## Work to complete
Using the records that appear below, write out exactly the lines from the one with "locale commerciale in" through the one with "Stunning Michael Kors", keeping both end lines.

## Extracted information
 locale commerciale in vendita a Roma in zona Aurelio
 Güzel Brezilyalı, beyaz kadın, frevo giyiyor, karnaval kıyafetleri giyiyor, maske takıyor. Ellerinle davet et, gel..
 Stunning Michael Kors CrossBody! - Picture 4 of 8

* * *

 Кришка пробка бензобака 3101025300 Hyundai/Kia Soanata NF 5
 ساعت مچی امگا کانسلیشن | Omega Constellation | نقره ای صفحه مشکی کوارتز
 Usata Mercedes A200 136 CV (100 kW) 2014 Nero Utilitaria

## Response to this task
 locale commerciale in vendita a Roma in zona Aurelio
 Güzel Brezilyalı, beyaz kadın, frevo giyiyor, karnaval kıyafetleri giyiyor, maske takıyor. Ellerinle davet et, gel..
 Stunning Michael Kors CrossBody! - Picture 4 of 8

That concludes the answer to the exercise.